FBI officials were apparently confused because Siddiqui was incarcerated for crimes that appear unrelated to Jews or Israel. Moreover, this does not appear to be one of the many situations in which Jews are held collectively responsible for supposed actions of the State of Israel, such as widespread attacks on Jewish Americans attacked last May in the wake of Israel's conflict with Hamas.

Rather, Akram's alleged attack on Jews is consistent with a widespread anti-Zionist conspiracy theory in which Zionist Jews are accused of orchestrating many of the world's evils, whether they relate to Israel or not.

Siddiqui herself held such beliefs deeply. "Study the history of the Jews," she once said. "They have always back-stabbed everyone who has taken pity on them and made the 'fatal' error of giving them shelter."

This toxic ideology must be understood not as an opposition to the political ideology of Zionism but rather as an evolution of age-old antisemitic ideology.

To his credit, President Joe Biden has acknowledged the antisemitic aspect of this crime. "Let me be clear to anyone who intends to spread hate," he said this weekend. "We will stand against antisemitism and against the rise of extremism in this country." It is imperative that governmental responses to the Colleyville hostage-taking proceed from this basis, rather than from the FBI's initial conclusion.

The second lesson is that words have consequences. Those who see Colleyville for what it is will understand that it developed out of a particular context. Just last month, the Council on American-Islamic Relations, came out in support of its San Francisco executive-director, Zahra Billoo, when she said that Zionist synagogues are "enemies" who are part of a conspiracy behind Islamaphobia. We should not assume that Akram was specifically aware of Billoo's widely-disseminated remarks. Such ideas are, however, sadly widespread in both North America and Europe, and are shaping the climate of opinion on significant swaths of the internet as well as on many university campuses.

To its credit, CAIR quickly condemned the hostage-taking, writing on multiple platforms that "no cause can justify or excuse this crime." This belated statement is welcome, but will deserve applause only if it provokes such organizations to carefully assess the extent to which they have poisoned public discourse with anti-Zionism. In higher education, where anti-Zionist ideology is rampant, students, faculty, and administrators should also carefully assess whether they too are contributing to a lethal environment.

The third lesson of Colleyville is that the current surge in antisemitism requires urgent attention. Last year, the European Commission wisely established a strategic plan for addressing antisemitism. The Biden administration should quickly do the same. The plan should include better training for law enforcement, security for religious institutions, a White House antisemitism coordinator, and clarity on definitions. On the question of definitions, the administration could take a lesson from Virginia's new governor, Glenn Youngkin, who on his first day in office, which coincided with the Colleyville attack, issued an executive order which wisely incorporates the International Holocaust Remembrance Alliance Working Definition of Antisemitism.
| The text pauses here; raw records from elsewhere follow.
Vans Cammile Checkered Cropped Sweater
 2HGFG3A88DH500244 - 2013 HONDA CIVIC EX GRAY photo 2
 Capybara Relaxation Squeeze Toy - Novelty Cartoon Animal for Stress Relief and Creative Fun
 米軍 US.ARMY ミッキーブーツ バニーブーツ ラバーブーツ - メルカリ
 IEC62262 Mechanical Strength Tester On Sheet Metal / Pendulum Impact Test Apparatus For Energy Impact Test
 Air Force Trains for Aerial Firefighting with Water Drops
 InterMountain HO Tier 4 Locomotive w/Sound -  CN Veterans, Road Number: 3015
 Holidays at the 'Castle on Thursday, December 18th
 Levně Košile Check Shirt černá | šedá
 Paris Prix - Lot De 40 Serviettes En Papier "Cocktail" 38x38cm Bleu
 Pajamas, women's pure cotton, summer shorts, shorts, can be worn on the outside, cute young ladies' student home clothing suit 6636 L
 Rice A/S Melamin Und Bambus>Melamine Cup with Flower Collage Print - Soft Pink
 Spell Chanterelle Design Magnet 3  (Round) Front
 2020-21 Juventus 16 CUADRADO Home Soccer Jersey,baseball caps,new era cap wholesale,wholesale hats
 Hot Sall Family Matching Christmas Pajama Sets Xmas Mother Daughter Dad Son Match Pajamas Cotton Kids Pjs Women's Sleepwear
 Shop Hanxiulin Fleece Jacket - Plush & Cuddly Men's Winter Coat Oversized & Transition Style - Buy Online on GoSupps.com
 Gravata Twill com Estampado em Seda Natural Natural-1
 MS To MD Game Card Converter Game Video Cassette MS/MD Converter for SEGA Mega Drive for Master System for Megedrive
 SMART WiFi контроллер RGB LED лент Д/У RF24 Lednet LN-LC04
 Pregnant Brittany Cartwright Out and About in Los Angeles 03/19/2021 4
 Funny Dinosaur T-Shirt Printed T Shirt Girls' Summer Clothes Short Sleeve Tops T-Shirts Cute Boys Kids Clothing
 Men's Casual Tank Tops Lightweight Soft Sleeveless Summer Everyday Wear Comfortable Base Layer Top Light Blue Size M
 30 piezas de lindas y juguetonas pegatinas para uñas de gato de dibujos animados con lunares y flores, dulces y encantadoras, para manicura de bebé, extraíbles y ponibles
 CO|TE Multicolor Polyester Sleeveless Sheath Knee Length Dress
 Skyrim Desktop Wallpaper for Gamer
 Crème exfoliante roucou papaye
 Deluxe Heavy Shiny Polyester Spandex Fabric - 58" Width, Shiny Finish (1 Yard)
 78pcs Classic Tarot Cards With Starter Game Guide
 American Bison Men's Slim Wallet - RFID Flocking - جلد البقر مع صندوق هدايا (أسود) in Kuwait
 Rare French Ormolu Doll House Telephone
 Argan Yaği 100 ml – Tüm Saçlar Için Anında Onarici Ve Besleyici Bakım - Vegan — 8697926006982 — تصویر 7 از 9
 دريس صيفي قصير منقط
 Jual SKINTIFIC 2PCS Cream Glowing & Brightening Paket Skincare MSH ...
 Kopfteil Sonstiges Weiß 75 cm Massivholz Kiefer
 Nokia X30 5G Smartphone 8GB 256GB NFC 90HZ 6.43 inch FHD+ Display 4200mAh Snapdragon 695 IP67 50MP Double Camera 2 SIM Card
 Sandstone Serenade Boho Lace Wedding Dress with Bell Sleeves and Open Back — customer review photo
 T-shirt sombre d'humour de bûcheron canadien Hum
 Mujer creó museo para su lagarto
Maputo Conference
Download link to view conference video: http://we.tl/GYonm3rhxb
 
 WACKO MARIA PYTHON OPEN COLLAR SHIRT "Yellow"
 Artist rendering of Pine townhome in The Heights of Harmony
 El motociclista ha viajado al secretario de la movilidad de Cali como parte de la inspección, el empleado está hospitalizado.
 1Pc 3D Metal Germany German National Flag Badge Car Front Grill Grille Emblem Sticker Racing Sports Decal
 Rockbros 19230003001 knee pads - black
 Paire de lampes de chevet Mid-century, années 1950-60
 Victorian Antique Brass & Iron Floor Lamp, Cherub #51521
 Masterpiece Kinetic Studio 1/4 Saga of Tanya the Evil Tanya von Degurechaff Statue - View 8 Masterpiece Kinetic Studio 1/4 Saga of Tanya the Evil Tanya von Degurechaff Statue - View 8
This work should be undertaken quickly. The Texas attack underscores a problem that has increasingly reached across our country. According to an American Jewish Committee survey, for example, one in four Jewish Americans experience antisemitism last year.

The Biden White House did not send the right message, to say the least, when it announced last month that it was delaying and downgrading rule-making on combating antisemitism to a "long-term action." The government's response to antisemitism, and other forms of hate, must be conducted with urgency.

Kenneth L. Marcus is Founder and Chairman of the Louis D. Brandeis Center for Human Rights Under Law and author of The Definition of Anti-Semitism. He served as the 11th Assistant U.S. Secretary of Education for Civil Rights.

The views in this article are the writer's own.